Nous souhaitons pour cette dernière Inspiration du lundi de l’année vous envoyer de la lumière ! Nous sommes particulièrement en quête de lumière … en ces mois d’automne où la lumière se fait plus rare, où les rayons du soleil ont du mal à percer à travers les nuages dans les quelques heures du jour qui lui sont données, … mais aussi avec cette crise sanitaire qui n’en finit pas et qui multiplie les incertitudes dans nos vies.
Pourtant ces jours sont marqués par la lumière : lumières des mains tendues et d’une créativité inouïe pour diminuer les effets de la crise, lumières des fêtes de fin d’année qui scintillent dans nos rues, lumières d’Hanouka pour les Juifs avec une nouvelle bougie allumée chaque soir pendant 8 jours pour commémorer le Temple de Jérusalem reconquis et l’huile sainte retrouvée, lumière de Noël du petit enfant de la crèche pour les Chrétiens, Dieu qui vient prendre la condition d’Homme pour accompagner chacun, lumière d’espérance qui s’offre à l’humanité.
Cette lumière qui semble manquer est autour de nous et en chacun de nous : rappelons-nous le jeu de la lumière avec les nuages ou la nature animant d’une manière totalement inédite ce paysage familier, rappelons-nous aussi cette lueur dans le regard d’un être aimé irradiant tout notre être. Explorons enfin à l’intérieur de nous-mêmes les sources jaillissantes qui nous donnent paix et joie.
Voilà les invitations des différents auteurs et artistes choisis cette semaine.
Beau voyage et joyeuses fêtes de fin d’année à tous ! Que 2021 soit lumineuse pour chacune et chacun !
S’inspirer par l’art pour trouver la lumière
Louis-Paul Crétenet, artiste français, vit la peinture comme une catharsis et a fait de cet art une passion.

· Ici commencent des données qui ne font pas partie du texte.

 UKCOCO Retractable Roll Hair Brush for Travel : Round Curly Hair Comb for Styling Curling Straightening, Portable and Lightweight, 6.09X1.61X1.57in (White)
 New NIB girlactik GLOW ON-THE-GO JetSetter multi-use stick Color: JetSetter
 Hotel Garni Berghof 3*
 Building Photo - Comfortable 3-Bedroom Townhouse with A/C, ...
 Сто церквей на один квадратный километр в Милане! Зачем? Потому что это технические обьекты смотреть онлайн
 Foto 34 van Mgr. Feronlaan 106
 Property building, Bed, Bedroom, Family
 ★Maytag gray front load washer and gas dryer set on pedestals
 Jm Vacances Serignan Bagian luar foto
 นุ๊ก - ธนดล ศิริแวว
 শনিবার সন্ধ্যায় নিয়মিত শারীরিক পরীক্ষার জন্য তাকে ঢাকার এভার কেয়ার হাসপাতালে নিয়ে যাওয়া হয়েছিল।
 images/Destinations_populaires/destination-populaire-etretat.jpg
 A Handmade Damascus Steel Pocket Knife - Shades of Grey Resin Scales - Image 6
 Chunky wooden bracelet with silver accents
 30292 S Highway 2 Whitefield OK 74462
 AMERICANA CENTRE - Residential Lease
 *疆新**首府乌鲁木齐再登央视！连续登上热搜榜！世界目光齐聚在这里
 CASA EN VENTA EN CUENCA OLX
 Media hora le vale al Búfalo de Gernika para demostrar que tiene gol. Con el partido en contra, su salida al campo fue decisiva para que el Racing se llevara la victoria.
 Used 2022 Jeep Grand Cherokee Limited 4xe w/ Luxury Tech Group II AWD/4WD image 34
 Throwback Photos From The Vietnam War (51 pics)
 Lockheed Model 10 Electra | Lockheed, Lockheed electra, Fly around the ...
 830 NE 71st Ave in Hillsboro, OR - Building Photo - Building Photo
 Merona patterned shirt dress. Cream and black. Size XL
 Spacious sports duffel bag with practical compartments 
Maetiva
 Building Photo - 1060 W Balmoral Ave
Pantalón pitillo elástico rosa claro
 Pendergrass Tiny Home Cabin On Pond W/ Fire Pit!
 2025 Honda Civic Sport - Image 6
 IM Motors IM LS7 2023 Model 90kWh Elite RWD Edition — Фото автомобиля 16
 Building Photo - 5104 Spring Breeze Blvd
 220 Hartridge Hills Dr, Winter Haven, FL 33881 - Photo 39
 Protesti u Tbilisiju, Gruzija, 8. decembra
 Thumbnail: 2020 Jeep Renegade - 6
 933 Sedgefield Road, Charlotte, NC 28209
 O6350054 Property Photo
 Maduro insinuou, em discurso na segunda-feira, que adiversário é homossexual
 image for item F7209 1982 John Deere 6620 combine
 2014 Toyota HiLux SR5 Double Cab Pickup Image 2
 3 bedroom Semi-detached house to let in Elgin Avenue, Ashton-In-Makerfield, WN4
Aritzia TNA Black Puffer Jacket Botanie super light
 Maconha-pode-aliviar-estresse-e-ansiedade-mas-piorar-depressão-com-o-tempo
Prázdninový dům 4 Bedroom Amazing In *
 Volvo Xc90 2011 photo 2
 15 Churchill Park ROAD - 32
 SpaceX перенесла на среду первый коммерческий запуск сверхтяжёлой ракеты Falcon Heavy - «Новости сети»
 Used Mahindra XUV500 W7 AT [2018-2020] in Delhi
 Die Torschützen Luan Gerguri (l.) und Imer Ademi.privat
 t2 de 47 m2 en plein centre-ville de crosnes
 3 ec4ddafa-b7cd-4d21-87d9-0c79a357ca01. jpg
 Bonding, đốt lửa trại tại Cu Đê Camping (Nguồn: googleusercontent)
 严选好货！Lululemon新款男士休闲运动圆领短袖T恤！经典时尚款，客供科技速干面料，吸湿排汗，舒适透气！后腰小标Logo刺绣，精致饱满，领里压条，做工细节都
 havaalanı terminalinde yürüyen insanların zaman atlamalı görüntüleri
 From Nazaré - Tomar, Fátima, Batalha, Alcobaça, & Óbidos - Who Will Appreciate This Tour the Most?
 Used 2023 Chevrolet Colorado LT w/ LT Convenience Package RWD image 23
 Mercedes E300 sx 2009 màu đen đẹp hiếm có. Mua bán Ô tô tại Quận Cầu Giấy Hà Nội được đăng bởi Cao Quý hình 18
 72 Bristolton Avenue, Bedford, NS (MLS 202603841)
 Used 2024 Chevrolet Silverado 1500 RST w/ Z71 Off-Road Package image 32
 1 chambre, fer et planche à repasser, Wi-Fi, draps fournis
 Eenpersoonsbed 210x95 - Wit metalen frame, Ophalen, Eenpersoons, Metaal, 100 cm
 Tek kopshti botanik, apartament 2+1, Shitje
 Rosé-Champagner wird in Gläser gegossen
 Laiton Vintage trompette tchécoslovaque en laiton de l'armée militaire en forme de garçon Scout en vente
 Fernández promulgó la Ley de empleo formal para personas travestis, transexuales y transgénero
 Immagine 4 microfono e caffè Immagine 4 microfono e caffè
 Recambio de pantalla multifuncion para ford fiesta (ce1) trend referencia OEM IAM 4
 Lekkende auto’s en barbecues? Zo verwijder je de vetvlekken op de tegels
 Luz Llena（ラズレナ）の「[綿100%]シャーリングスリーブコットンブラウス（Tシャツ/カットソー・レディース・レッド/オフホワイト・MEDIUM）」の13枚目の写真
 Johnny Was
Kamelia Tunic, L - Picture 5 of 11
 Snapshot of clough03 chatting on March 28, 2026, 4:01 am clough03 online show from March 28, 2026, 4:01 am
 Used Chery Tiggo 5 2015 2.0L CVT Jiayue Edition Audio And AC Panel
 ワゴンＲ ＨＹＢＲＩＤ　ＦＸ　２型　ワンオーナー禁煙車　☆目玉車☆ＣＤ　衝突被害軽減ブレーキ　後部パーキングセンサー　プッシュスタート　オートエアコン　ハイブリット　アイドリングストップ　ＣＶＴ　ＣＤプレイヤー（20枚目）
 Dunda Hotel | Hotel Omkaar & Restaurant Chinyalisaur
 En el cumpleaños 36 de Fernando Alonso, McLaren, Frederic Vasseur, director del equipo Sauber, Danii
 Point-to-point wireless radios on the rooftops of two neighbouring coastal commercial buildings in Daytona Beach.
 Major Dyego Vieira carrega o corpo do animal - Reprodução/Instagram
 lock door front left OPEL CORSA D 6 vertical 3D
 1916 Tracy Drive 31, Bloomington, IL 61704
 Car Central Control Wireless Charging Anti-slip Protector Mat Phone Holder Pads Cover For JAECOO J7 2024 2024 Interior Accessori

Découvrez son travail, sur la lumière, l’architecture ou encore les marines, avec des techniques et supports variés.
Respirer par la poésie…
À la lumière
Dans l’essaim nébuleux des constellations,
Ô toi qui naquis la première,
Ô nourrice des fleurs et des fruits, ô Lumière,
Blanche mère des visions,
Tu nous viens du soleil à travers les doux voiles
Des vapeurs flottantes dans l’air :
La vie alors s’anime et, sous ton frisson clair,
Sourit, ô fille des étoiles !
Salut ! car avant toi les choses n’étaient pas.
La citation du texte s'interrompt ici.